Não há que ter ilusões. O que está acontecendo no Rio Grande do Sul, sob o governo do PT, em matéria de invasões de terras, proteção legal a quem atenta contra a propriedade fundiária e incentivos a inovações jurídicas contra a propriedade privada por parte do Poder Judiciário, ao analisar as demandas referentes à questão, é apenas um prelúdio do que será a desordem jurídica e a insegurança que advirá na hipótese daquele Partido ganhar as próximas eleições. È apenas um pequeno movimento, um prelúdio de um processo revolucionário muito maior. Se hoje a Justiça e a polícia já não cumprem corretamente os seus deveres constitucionais, o que dirá com o Lula eleito presidente.

Qualquer conjectura pessimista torna-se realista diante desse cenário. É preciso recordar a nossa própria história, bem como a de países vizinhos, sobre as conseqüências da desordem jurídica. Poderá haver uma convulsão, especialmente no meio rural. O incêndio nos campos poderá frustrar safras agrícolas e, a partir daí, instalar-se-á a fome inevitavelmente, bem como o impedimento físico de geração de excedentes agrícolas exportáveis. Certamente a condição de governabilidade desaparecerá desde o primeiro instante da diplomação do candidato, restando apenas a força militar como instrumento para o governante eleito manter-se no poder.

Por muito menos o Movimento Militar de 1964 foi deflagrado.
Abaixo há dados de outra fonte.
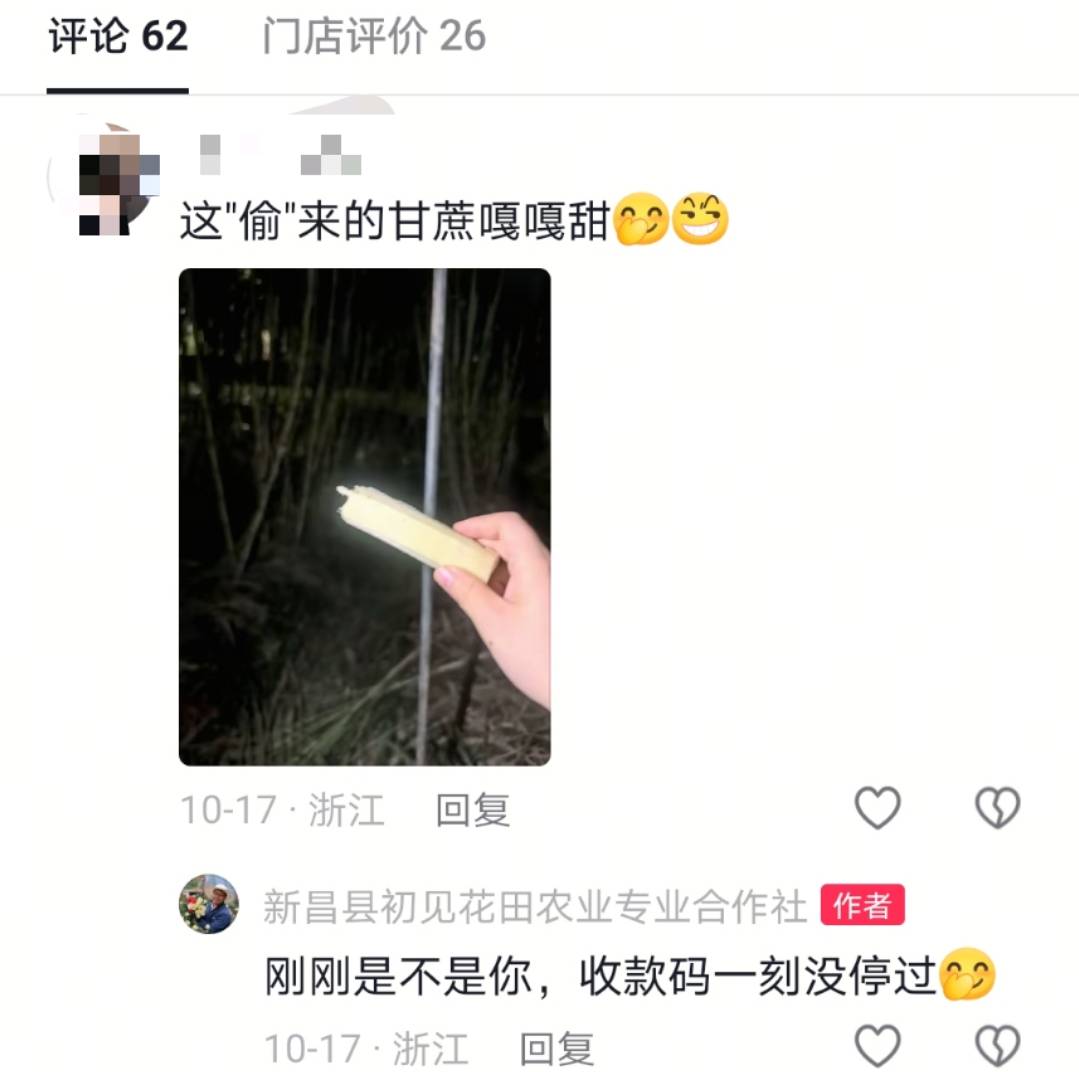 浙江一“可偷甘蔗地”成打卡点，上百网友深夜体验，80后“地主”：已收偷款6千元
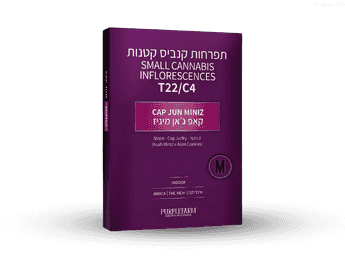 תפרחת קאפ ג'אן מיניז - T22/C4 - Cap Jun Miniz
Francisco Julião e suas Ligas Camponesas nada são quando comparados ao verdadeiro exército revolucionário em que se transformou o MST, que para ser considerado uma milícia guerreira basta apenas trocar os bastões e ferramentas de trabalho, que hoje servem de instrumentos de treinamento paramilitar, por armas de fogo. Rapidamente as chamas chegariam ao meio urbano e o conflito insolúvel dentro da ordem democrática estaria instalado. Fogo queima e deixa destruição. Fogo sobre a terra devastada é o caminho mais curto para que conflitos armados em larga escala sejam iniciados.

A experiência da Colômbia, aqui ao lado, não nos permite dormir tranqüilos. Lá a guerrilha se instalou e domina uma boa metade do país, fazendo se arrastar uma guerra civil por dezenas de anos. O crescimento do poder de fogo das forças de oposição, em comparação com o governo central, é que criou o empate técnico, que impede a definição de um vencedor do embate militar. O morticínio inútil não acaba.
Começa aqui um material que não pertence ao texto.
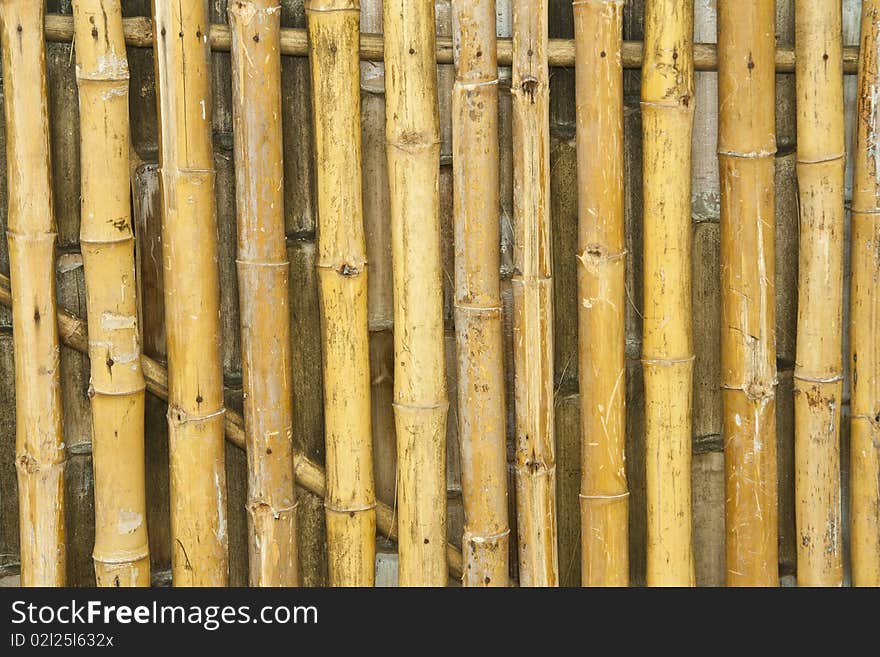 Bamboo texture, I take with EOS400D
Entendo que no Brasil poderemos ter uma repetição da experiência colombiana, na medida em que as forças de esquerdas estão muito bem situadas dentro do aparelho de Estado, na imprensa, nas universidades e mesmo no meio empresarial. Tem muita gente iludida que pensa que a troca de comando será apenas mais uma efeméride no calendário político. Não será assim, será um evento singular. As forças que constelam na agremiação petista pugnam desde sempre pela revolução, servindo o meio democrático apenas como instrumento para alcançar os seus objetivos últimos, como bem anunciam os documentos internos do Partido e as declarações sistemáticas de seus diversos líderes publicadas na grande imprensa.
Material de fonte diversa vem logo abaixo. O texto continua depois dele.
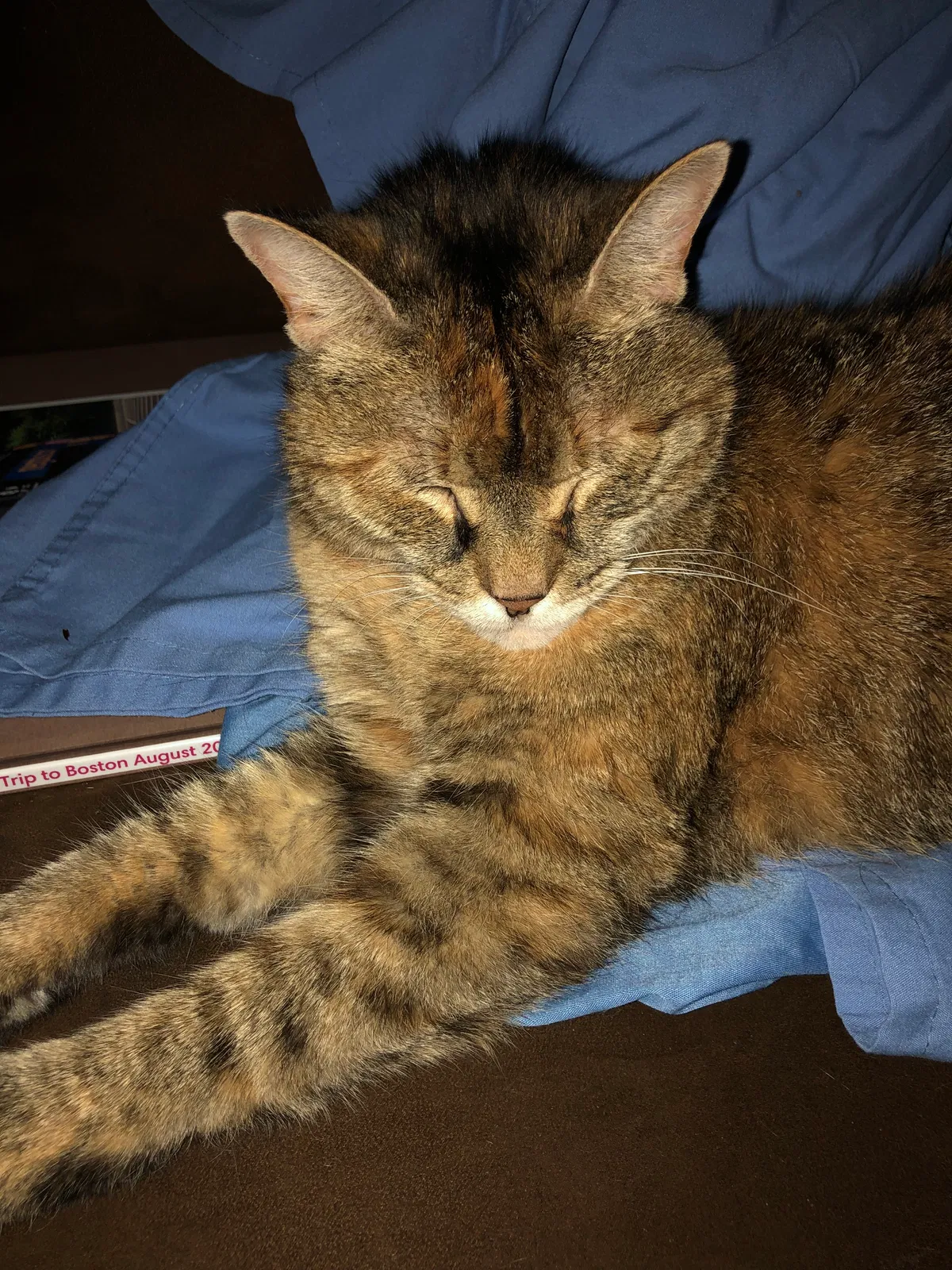 Lost cat in Gap, PA, 17527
O que espanta é que muita gente que não apoia o movimento revolucionário e tem tudo a perder se vier a revolução – a rigor, todos os brasileiros, exceto os líderes revolucionários – ainda não se deu conta do perigo. Aliás, boa parte das classes médias e mesmo superiores perderam o senso de perigo. Só assim para entender que candidatos petistas sejam tão bem votados nos bairros elegantes das principais cidades brasileiras, inclusive elegendo seus representantes para a governança estadual e as prefeituras das principais cidades. Não deixa de haver um paralelo com o que aconteceu na Alemanha durante os anos trinta. Alemanha e Colômbia: são esses os paralelos históricos que encontro como analogia do que está para acontecer no Brasil. Os augúrios são os piores possíveis.

Fogo sobre terra, é tudo que os loucos querem que aconteça em nosso querido Brasil. Haverá como resistir ao que parece ser uma imposição do destino? Ao menos teremos um Thomas Mann para romancear belamente a tragédia anunciada?